Stephen R. Heller
Research Leader
USDA, ARS, Beltsville, MD 20705
As a recent American Biotechnology Laboratory editorial (1)
indicated, after over 150 years of printed inorganic (Gmelin) and
organic (Beilstein) handbooks, there are considerable computer
activities taking place in Germany that will have a significant
effect on scientists throughout the world. While the editorial
gave a very good, but brief description of the activities of the
Gmelin Institute, this article will describe the activities of
the institute with which Gmelin shares a building in Frankfurt,
West Germany: The Beilstein Institute.
While Gmelin is a decade older than the Beilstein Institute,
the Beilstein group has taken the lead in computerization
activities. As might be expected, while the Gmelin Handbook
presents information on more than 250,000 inorganic compounds,
the Beilstein Handbook of Organic Chemistry, comprising over 300
volumes, contains factual data on over three million organic
chemicals.
The Beilstein Handbook of Organic Chemistry is the premier
printed collection of important published data on the preparation
and properties of carbon compounds. It is, by far, the largest
collection of evaluated scientific data in the field of
chemistry. The Beilstein Handbook is produced by the nonprofit
Beilstein Institute and distributed by the German publisher
Springer-Verlag. The Beilstein Institute editors and staff
critically sift and correlate the data from the literature and
point out errors in the published data, providing the user with
much more than just extracted results of scientific publications.
Chemical Abstracts, which is purely bibliographic in nature,
performs no quality control or examination of results, and in
recent years, primarily uses authors' abstracts directly without
any review. The current Beilstein Handbook consists of over 300
printed volumes, covering from 1830 to 1979. The original work or
Basic Series (Hauptwerk in German) covered the literature from
1830 to 1909, the latter year being just about the time Chemical
Abstracts started its bibliographic abstracting and indexing
service. A number of Supplementary Series (Erganzungswerk in
German) have since been published. The first, E Series I runs
from 1910 to 1919, E II from 1920 to 1929, E m from 1930 to
1949, E IV from 1950 to 1959, and lastly, E IV runs from 1960 to
1979. In addition, there are some 27 Cumulative Indexes. Until
the start of the 5th Series, the entire handbook was written in
German,after which time the handbook was written in English, to
take into account the movement of the scientific community from
German to English as the primary language of scientific
communication.
SANDRA
With this background, it is easy to understand both the need of
chemists for the Beilstein Handbook and the great value offered
by a computer program that is able to quickly and accurately
indicate where, among the 300 volumes, data and information can
be found for a given organic chemical. The Beilstein Handbook is
well organized, but the structure of the ordering system is
difficult to learn, and easily forgotten. Thus the SANDRA program
is a tool every chemist dealing with properties of organic
chemicals should have available for use with a PC.

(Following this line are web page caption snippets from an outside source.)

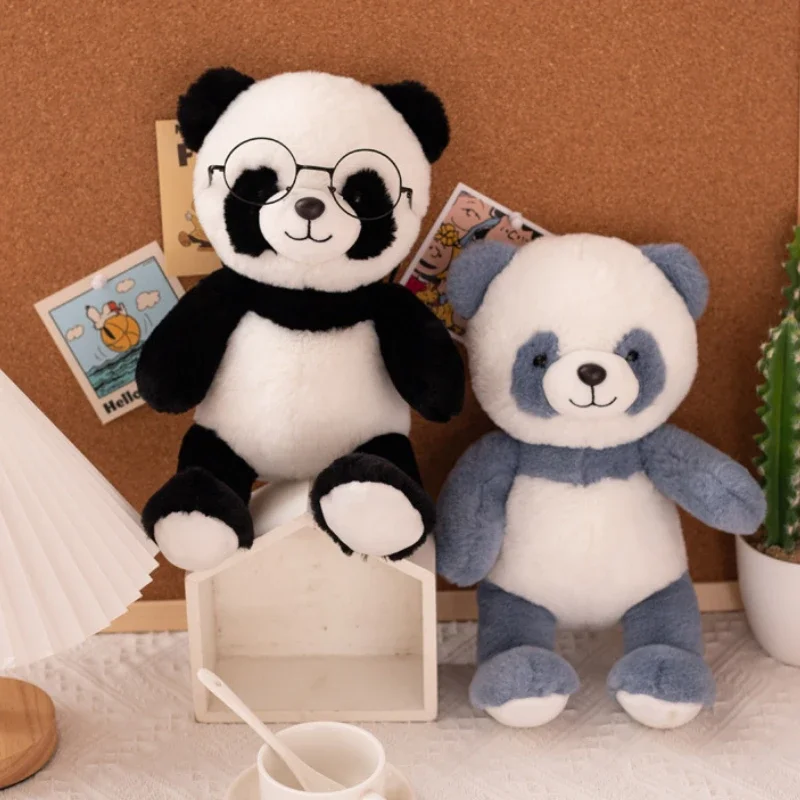 Brinquedos do luxuoso com formas animais múltiplas, preto e branco, pandas, macacos, elefantes, gatos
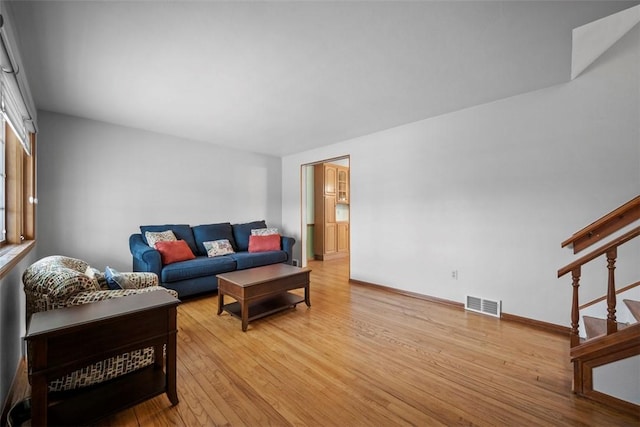 living room with stairs, wood finished floors, visible vents, and baseboards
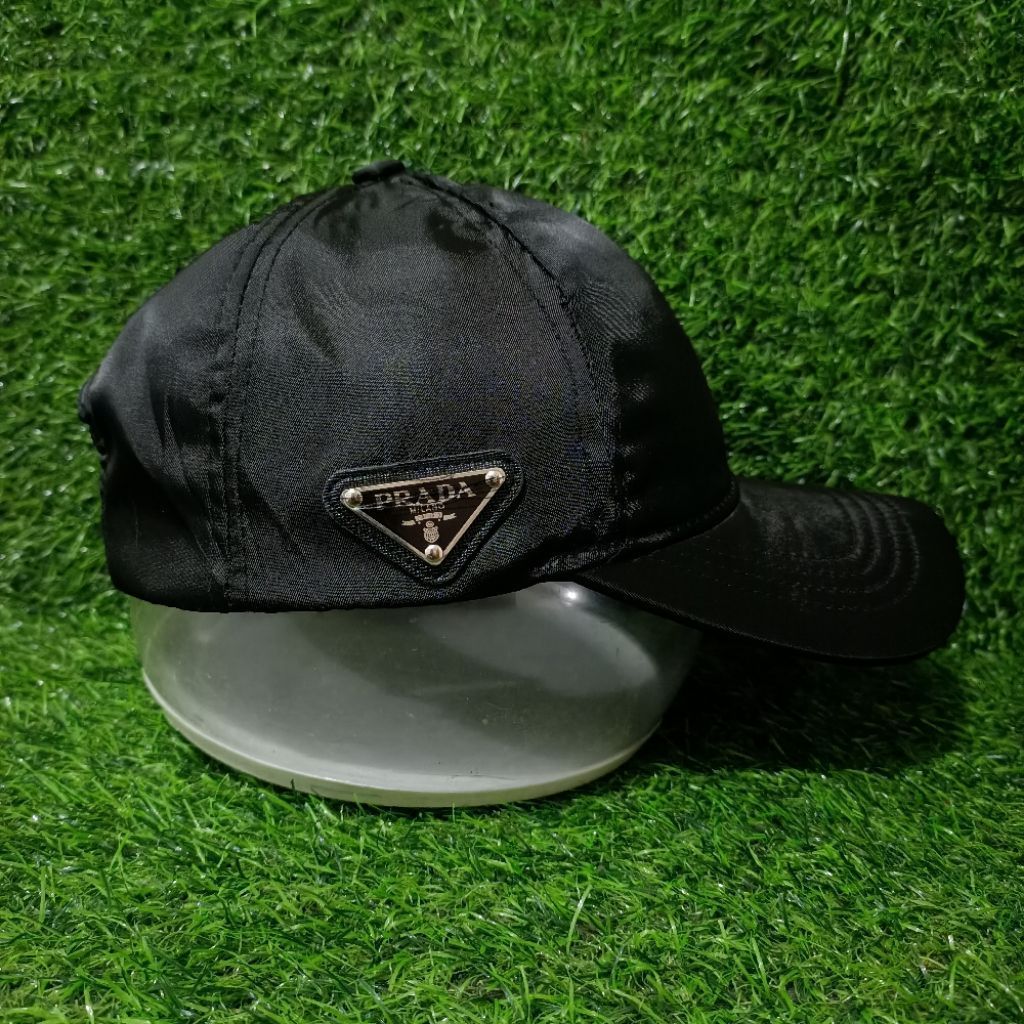 Topi baseball hitam dengan logo segitiga PRADA Milano model kasual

SANDRA (available from Springer-Verlag Publishers, New York, New
York), the acronym for Structure and Reference Analyzer, is an
IBM PC DOS-based program (a Macintosh version is not expected)
which takes a chemical structure the user draws easily on the PC
screen, and indicates where in the 300 volumes of the printed
Beilstein Handbook referenced compound can be found. The program,
written at the Beilstein Institute, is a major advance in the
tools which the Institute has created to help the user locate a
chemical in the Beilstein Handbook. The highly structured
Beilstein ordering and indexing system has always been a handicap
to the ability of chemists to use the 300 odd volumes of the
Beilstein Handbook. Now, with one very well designed and easy-to-use program, it is possible for organic chemists and even non-chemists to easily find references in the Beilstein Handbook.

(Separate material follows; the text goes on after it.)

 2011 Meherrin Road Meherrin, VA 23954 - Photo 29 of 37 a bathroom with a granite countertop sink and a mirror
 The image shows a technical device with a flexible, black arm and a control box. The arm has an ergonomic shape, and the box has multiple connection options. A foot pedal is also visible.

SANDRA is easy to install, and the manual gives extensive instructions on how to use the program. It takes only a few minutes to load the program on a hard disk and start it running. The program requires 256K memory, DOS 2.0 or higher, a Microsoft or equivalent mouse, and an IBM CGA or equivalent graphics adapter board with a resolution of640 x 200 pixels. Version 1.0 of the program will not run with a Hercules graphics board, but a later version, due to be released by the end of 1987, will work with the Hercules board. The flexible graphical structure input is easy to learn. If a command is forgotten, the user need only touch the mouse pointer to the HELP COMMANDS box, and the list of commands is immediately displayed on the screen. There are 30 predefined structure templates, and the user's own templates can be created and stored.
Figure 1.
Result of
entering the amno-hydrozy aromatic ring, C11.H17.N.O. into the SANDRA
program.
Figure 2.
Final output of the SANDRA program analysis for the amino-hydroxy
aromatic compound with pointer information and reference information.

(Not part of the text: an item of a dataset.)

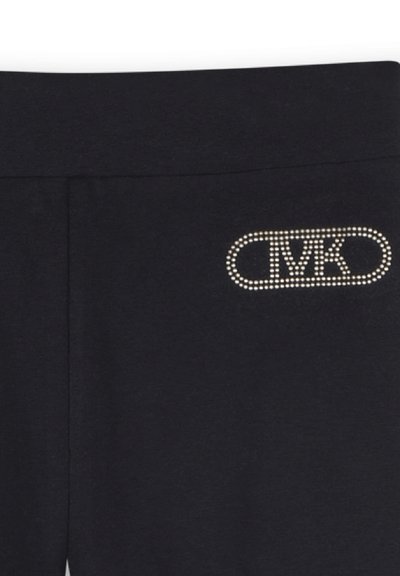 Des leggings noirs présentent un logo orné de cristaux à la taille, mettant en avant un design élégant et stylé.
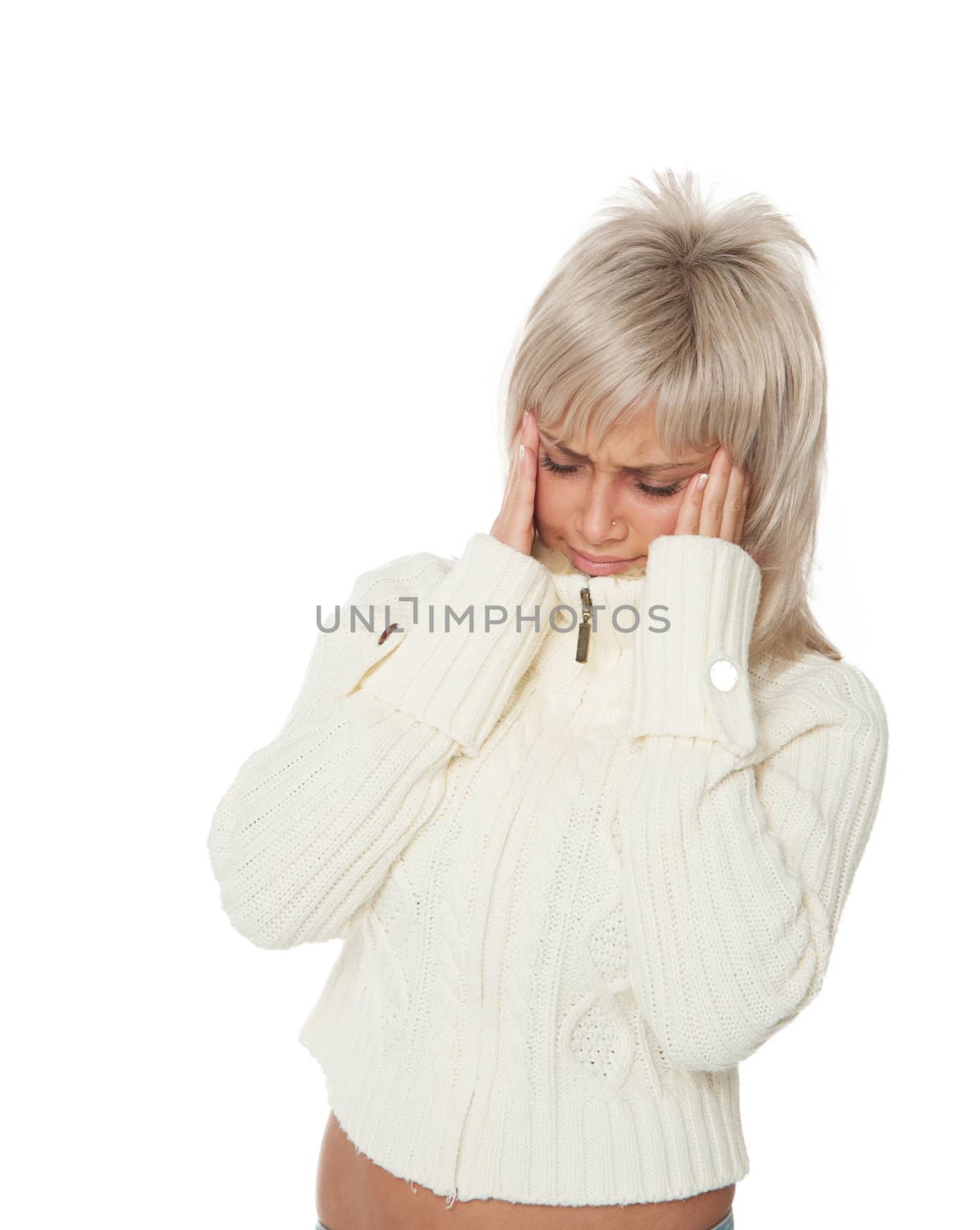 a woman in a white sweater headache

A sample structure, C11.H17.N.O, shown after input, is
illustrated in
Figure 1. Atoms can be labeled and numbered for
easier identification. The analysis is performed after an
acceptable structure is entered, by simply typing "Q" to quit the
structure entry and "2" to start the analysis part of the
program. The analysis normally takes from 2 to 6 sec, depending
on the computer used (IBM XT or AT, or Compaq 386) and the
complexity and size of the structure entered. The author was able
to draw a 70-atom molecule, which is the maximum number of atoms
allowed by the program. The correct pointers and page numbers for
the molecule were supplied in 12 seconds.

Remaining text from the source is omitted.